= List of former Shia clerics =

This is a list of prominent former Shi'a clerics, jurists, and scholars who have formally transitioned to Sunni Islam or adopted non-denominational Islamic frameworks.

While there is a common assumption that high-ranking Shi'a seminary scholars rarely depart from established religious doctrine, historically and in the modern era, a notable number of classically trained Shi'a religious figures including Grand Ayatollahs, Ayatollah, Mujtahids, and seminary intellectuals have migrated away from orthodox Twelver or Zaydi theology.

The individuals are categorized below by their scholarly rank and seminary qualifications.

== Grand Ayatollahs and High Mujtahids ==
- Grand Ayatollah Hussein al-Mu'ayyad: A prominent Iraqi cleric who achieved the highest level of unrestricted ijtihad before denouncing Shiism and converting entirely to Sunni Islam (Ahl al-Sunnah wal-Jama'ah).
- Grand Ayatollah Mohammad Sadeqi Tehrani: An Iranian scholar possessing both traditional seminary ijtihad and modern doctoral degrees, who shifted to a strictly non-denominational, Quran-only methodology, closely aligned with Sunni methodology.
- Grand Ayatollah Mohammad Javad Gharavi: An eminent Iranian cleric who rejected traditional seminary teachings in favor of a rationalist, Quran-first methodology, distancing himself from sectarianism.

== Ayatollahs and Senior Clerics ==
- Ayatollah Abolfazl Borqei: A highly credentialed Iranian cleric from the seminaries of Qom who completely abandoned Shiism for a non-denominational and Salafi/Sunni methodology.
- Ayatollah Sayyid Asadullah Kharaqani: A pioneer of the Iranian constitutional era who achieved the rank of ijtihad and migrated toward a Quran-centric, non-denominational framework.
- Classically Trained Cleric Mohammad Hasan Shariat Sanglaji: A scholar who rejected esoteric doctrines in favor of a non-denominational, Sunni-leaning rationalist framework.

== Clerics, Jurists, and Exegetes ==
- Dr.
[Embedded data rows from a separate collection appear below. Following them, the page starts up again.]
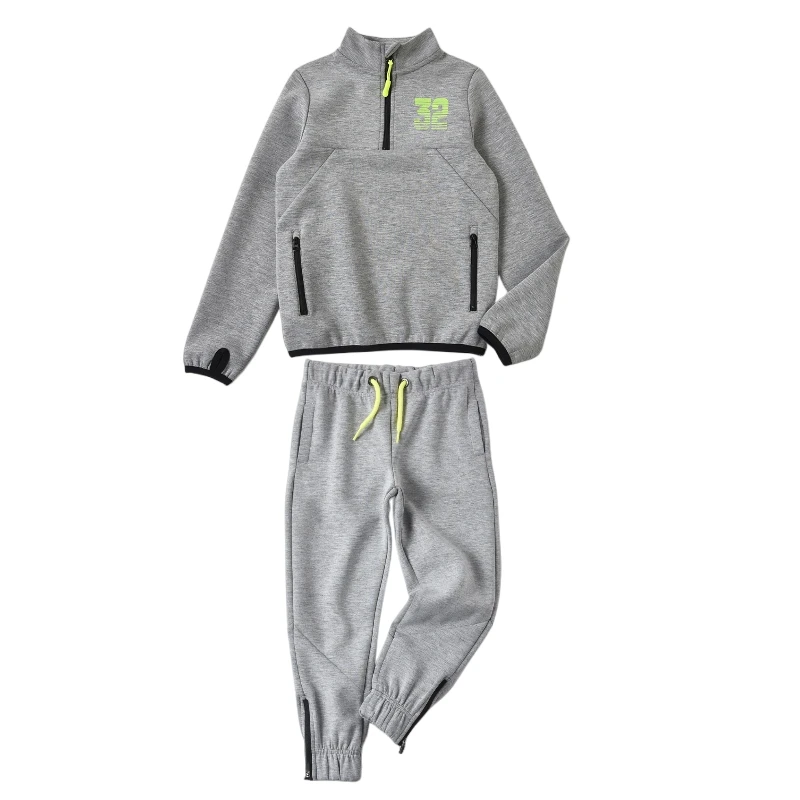 Custom Orange Children Boys Quarter Zip Long Sleeve Top Jogger Sweatshirt Set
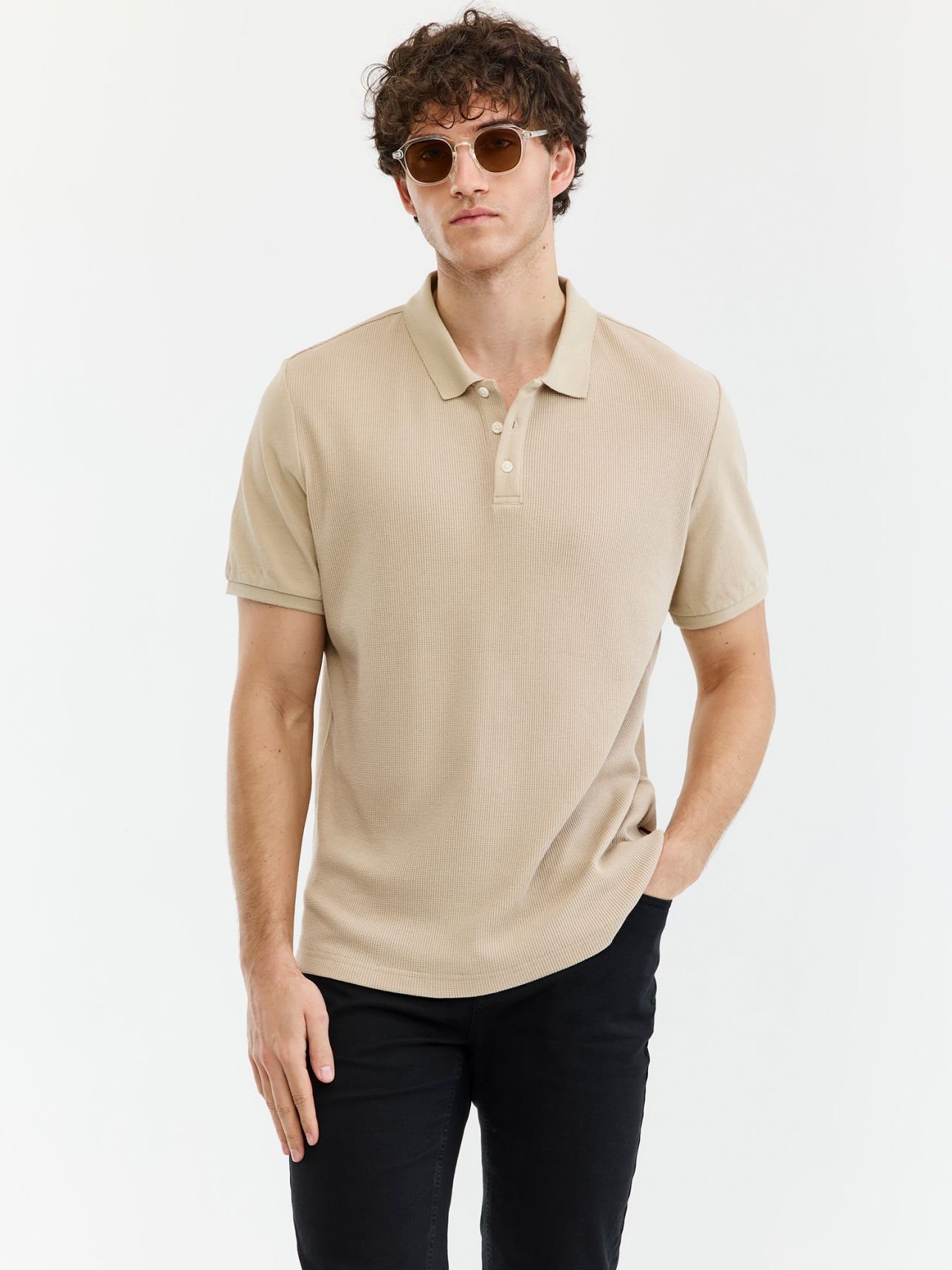 MAX MORETTI חולצת פולו פיקה וופל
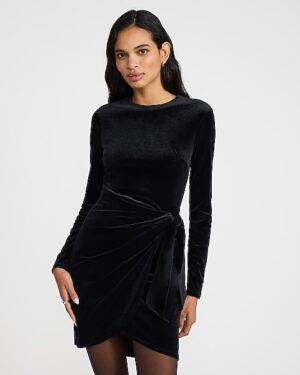 Velvet Crew Neck Long Sleeve Ruched Wrap Mini Dress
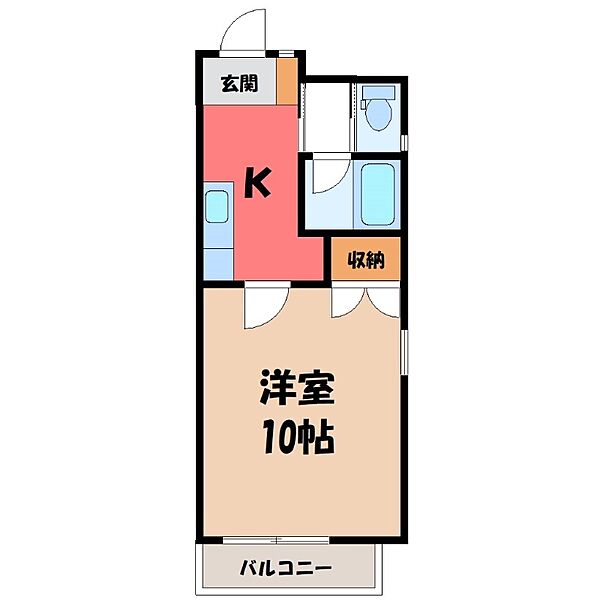 南大通りパークハイツ ｜栃木県宇都宮市南大通り4丁目(賃貸マンション1K・1階・30.60㎡)の写真 その2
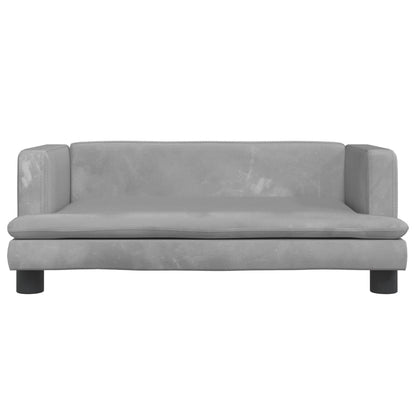 Kindersofa Hellgrau 80x45x30 cm Samt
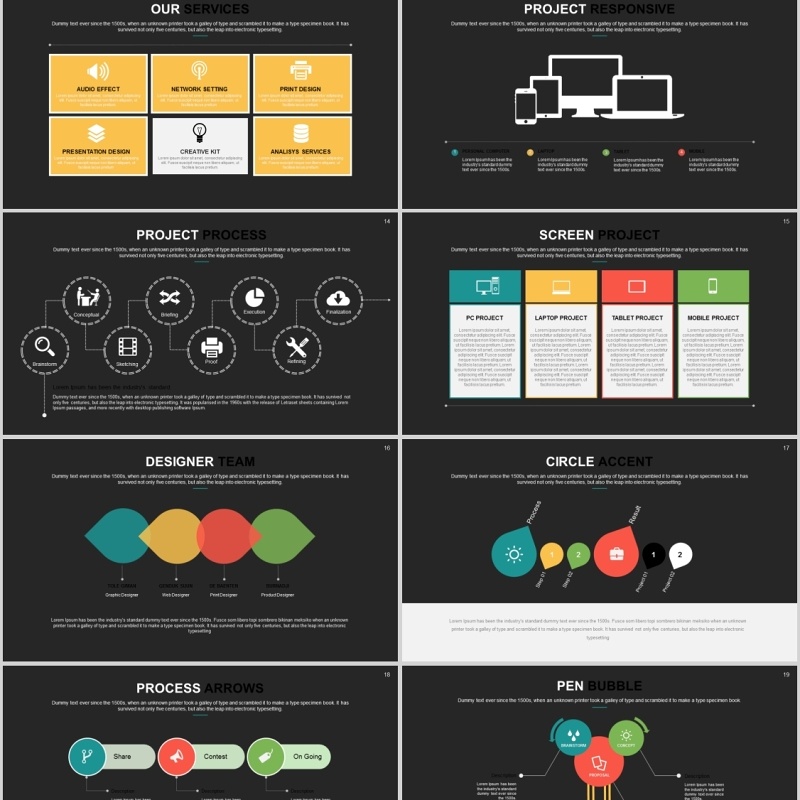 实用工作汇报PPT版式设计信息图表模板Baloon - Powerpoint Template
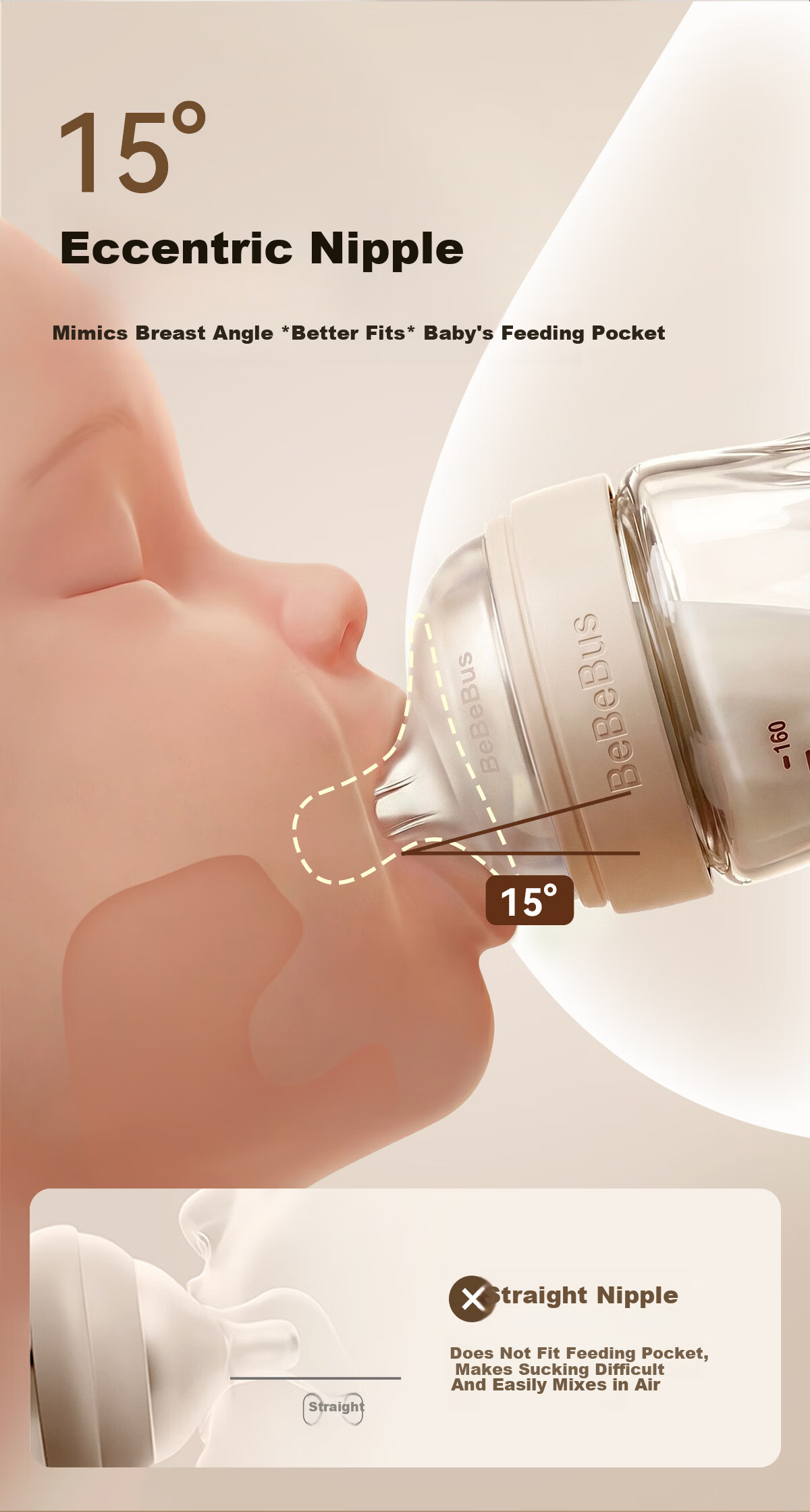 Bebebus Newborn Baby Bottle 0-1 Month Anti-Colic Glass Infant Bottle with Breast-Like Nipple 160ml 8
Musa al-Musawi: A cleric and grandson of a revered Grand Ayatollah who abandoned traditional practices to advocate for reconciling Shi'a history with Sunni orthodoxy.
- Former Cleric / Researcher Ahmad al-Katib: An Iraqi intellectual who embraced a Sunni and democratic-caliphate worldview.
- Sayyid Syed Nazeer Husain Dehlawi: Born into an aristocratic Shi'a family, he abandoned his faith to become the foundational cleric of the strict Sunni Ahl-i Hadith movement in South Asia.
- Eminent Jurist Al-Shawkani: A Yemeni scholar who transitioned from Zaydi Shiism to a Sunni methodology based on independent reasoning.
- Scholar Muqbil al-Wadi'i: A Yemeni scholar who left his Zaydi Shi'a background to become a highly prominent Salafi-Sunni cleric.

== Seminary-Trained Scholars and Intellectuals ==
- Scholar / Writer Haydar Ali Qalamdaran: A prolific thinker in Qom who dismantled Shi'a political theology and aligned his religious practices with classical Sunni thought.
- Quranic Exegete Yousef Sha'ar: The founder of a localized Quranic circle in Tabriz who adopted Sunni-leaning interpretations and bypassed traditional Shi'a Hadith.
- Scholar / Intellectual Mostafa Hosseini Tabatabaei: An influential Iranian thinker who advocated for a purified, non-denominational Islam that naturally aligns with Sunni orthopraxy.